The medication is given as an under-the-skin, or subcutaneous, injection and is available at a dose of 80 mg/ml. It may be administered alone or in combination with a conventional disease-modifying antirheumatic drug (DMARD), corticosteroid, non-steroidal anti-inflammatory drug (NSAID), and/or pain killer.
“Ankylosing spondylitis is a challenging disease that can cause severe back pain and if left untreated, can significantly impact patient mobility,” Rebecca Morison, vice president of U.S. Immunology at Lilly, said in a news release. “We are excited to now offer Taltz as a treatment option for people in need of relief from the symptoms of AS.”
Taltz was first approved by the FDA in 2016 for the treatment of moderate to severe plaque psoriasis in adult patients and then in 2017 for the treatment of adults with active psoriatic arthritis, two chronic inflammatory diseases.
“This approval is an important milestone for patients and physicians who are looking for a much-needed alternative to address symptoms of AS,” said Philip Mease, MD, from Swedish Medical Center/Providence St. Joseph Health, and the University of Washington.
The efficacy and safety of Taltz in patients with AS was demonstrated in two Phase 3 studies that included 657 adults with active disease: COAST-V (NCT02696785) and COAST-W (NCT02696798). COAST-V evaluated the medication in patients who had never taken a biological DMARD, while COAST-W enrolled patients who failed to respond or were intolerant to TNF inhibitors, a type of biologic widely used for arthritis.
Both trials showed that treatment with Taltz led to early and sustained reductions in pain, fatigue, and inflammation, as well as significant improvements in sleep and quality of life.

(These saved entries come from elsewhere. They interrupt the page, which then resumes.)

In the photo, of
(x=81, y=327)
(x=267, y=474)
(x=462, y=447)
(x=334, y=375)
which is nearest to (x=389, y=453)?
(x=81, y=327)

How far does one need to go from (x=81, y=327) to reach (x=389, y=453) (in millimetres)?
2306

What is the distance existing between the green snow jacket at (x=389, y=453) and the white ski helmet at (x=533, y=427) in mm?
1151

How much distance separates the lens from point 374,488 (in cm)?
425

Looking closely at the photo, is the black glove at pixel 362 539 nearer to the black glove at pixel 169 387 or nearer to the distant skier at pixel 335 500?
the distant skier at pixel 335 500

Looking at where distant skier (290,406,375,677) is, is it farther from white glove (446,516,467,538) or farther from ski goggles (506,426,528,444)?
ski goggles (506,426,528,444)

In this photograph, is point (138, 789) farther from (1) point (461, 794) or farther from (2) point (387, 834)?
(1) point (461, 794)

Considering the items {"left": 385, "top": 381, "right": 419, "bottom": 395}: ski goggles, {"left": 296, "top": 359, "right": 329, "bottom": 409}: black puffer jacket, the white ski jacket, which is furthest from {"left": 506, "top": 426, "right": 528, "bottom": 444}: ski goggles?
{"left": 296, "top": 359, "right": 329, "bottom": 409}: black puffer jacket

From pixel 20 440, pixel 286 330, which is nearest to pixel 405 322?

At 16 weeks, 48% of patients treated with Taltz versus 18% of those receiving a placebo showed significant improvements in the COAST-V study. In COAST-W, significant benefits were noted in 25% of the Talz group versus 13% in the placebo group.

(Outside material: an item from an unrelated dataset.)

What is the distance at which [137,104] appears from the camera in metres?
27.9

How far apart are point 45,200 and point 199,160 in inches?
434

Additionally, in both studies, 64% (COAST-V) and 48% (COAST-W) of patients treated with Taltz achieved ASAS20 versus 40% (COAST-V) and 30% (COAST-W) of placebo-treated individuals.
Assessment in SpondyloArthritis International Society (ASAS) 20 is a validated measure of disease activity and reflects the number of patients that show a minimum improvement/reduction of 20% in at least three out of four domains: patient global assessment of disease, pain, function, and inflammation.
Overall, the safety profile of Taltz was consistent with that known for psoriasis patients taking the medication.
“Results from the Phase 3 clinical trial program in ankylosing spondylitis show that Taltz helped reduce pain and inflammation and improve function in patients who had never been treated with a bDMARD as well as those who previously failed TNF inhibitors,” said Mease.
Cassie Shafer, CEO of the Spondylitis Association of America, added: “Having new treatment options for the ankylosing spondylitis community is truly encouraging. The ongoing focus to help people impacted by the disease will hopefully lead us to an eventual cure.”
In its release, Lilly states that Taltz should not be used in patients with a history of serious hypersensitivity to ixekizumab or to any of its excipients. The medication may also increase the risk of infection. Other precautions include pre-treatment evaluation for tuberculosis, hypersensitivity, inflammatory bowel disease, and immunizations.